Hence, we should remove the thread
property from the Actor
class, and move the threading logic to the calling code:
val wordFrequencyController = WordFrequencyController()
createThread(wordFrequencyController) {
start()
join()
}
fun <T: Actor> createThread(actor: T) = Thread(actor, actor::class.simpleName)
Further refinements
At this point, it’s possible to use more advanced APIs, such as those provided by more recent Java versions.
Introducing the Executor Service
To migrate to more recent APIs, the first step is to stop using threads directly in favor of the executor service - available since Java 5.
The executor service allows to return a Future
, which allows to keep track of a task’s progress.
Moreover, Java 5 also provides the Executors
class, a factory of different executor service types.
For example, Executors.newFixedThreadPool()
creates an executor service that…
obviously makes a fixed number of threads available:
val dataStorageManager = DataStorageManager()
val stopWordManager = StopWordManager()
val wordFrequencyManager = WordFrequencyManager()
val wordFrequencyController = WordFrequencyController()
val executorService = Executors.newFixedThreadPool(4)
listOf(dataStorageManager, stopWordManager,
wordFrequencyManager, wordFrequencyController)
.map { executorService.submit(it) }[3]
.get()
return wordFrequencyController.getResult()
Introducing Callable
The next step is to realize that to get the result from the code in its current state, one needs to read a property:
class WordFrequencyController : Actor() {
private lateinit var result: Map<String, Int>
// Somehow fill in the result property
fun getResult(): Map<String, Int> {
return result
}
}
However, this design is not optimal, as there’s a interface in the JDK that upholds this contract:
java.util.concurrent.Callable
returns a result when a task has finished.
Hence, we could re-design our current class hierarchy to benefit from Callable
:
The equivalent code is as follows:
class WordFrequencyController : Actor(), Callable<Map<String, Int>> {
private lateinit var result: Map<String, Int>
override fun call(): Map<String, Int> {
loop() (1)
return result
}
}
1 | Calls dispatch() in turn, which fills in result |
Introducing Callable Futures
The final step requires the usage of CompletableFuture
, a specialized Future
"that may be explicitly completed".
It offers static functions that can accept an additional Executor
parameter.
It’s available since Java 1.8.
To take advantage of CompletableFuture
, one needs to migrate from Supplier
to Callable
.
Then, the code can be updated as follows:
with (Executors.newFixedThreadPool(4)) {
CompletableFuture.runAsync(dataStorageManager, this)

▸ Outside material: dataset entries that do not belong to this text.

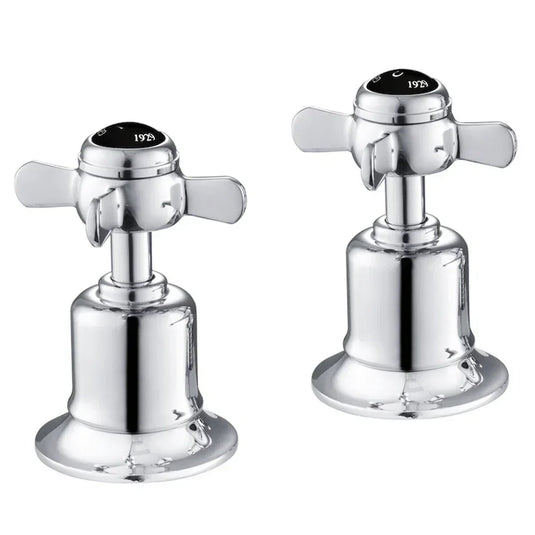 JTP Grosvenor Pinch Deck Mounted Panel Valves Pair - Double Handle - Chrome - Envy Bathrooms Ltd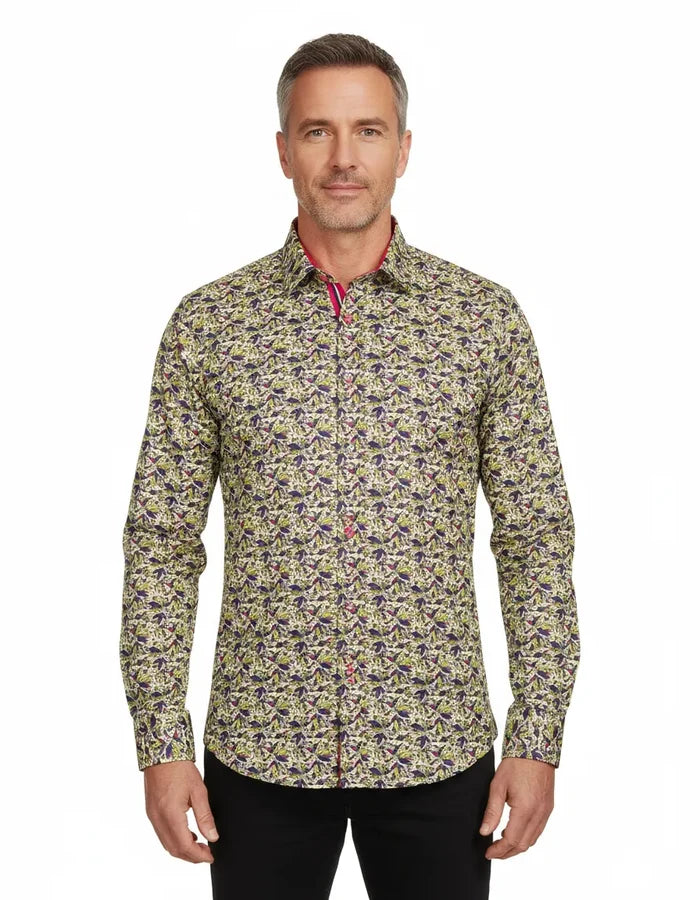 Yellow Colourful Leaf Print Shirt-Makrom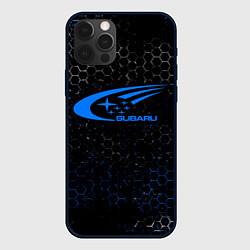 Чехол для iPhone 12 Pro Max SUBARU - Соты, цвет: 3D-черный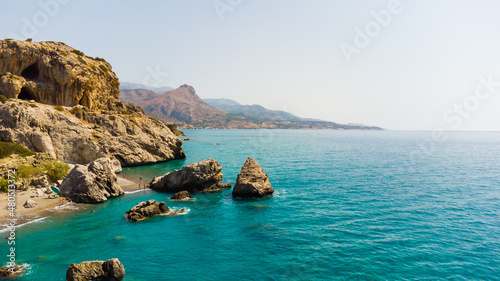 The beach with sea in Southern Crete, Greece photo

CompletableFuture.runAsync(stopWordManager, this)
CompletableFuture.runAsync(wordFrequencyManager, this)
return CompletableFuture.supplyAsync(wordFrequencyController, this).get()
}
Conclusion
The actor model is an important design based on messages and offering resiliency. In some technology stacks, it’s provided as a library, such as Akka for Scala. In Elixir, it seems to be a central part of the language API itself - I definitely need to dig in deeper into it.
In other contexts, actors need to be implemented manually. In such cases, one needs to be aware of some of their important features. For example, one of the major benefits of the actor model is to let individual actors crash, and automatically spawn new ones, providing resiliency through self-healing. That was not considered necessary in the above code.
When the language doesn’t provide actors out-of-the-box, there are several ways to implement them. Some ways are easier than others, depending on the tech stack: it’s beneficial to check new concurrency APIs that are brought by each language’s version.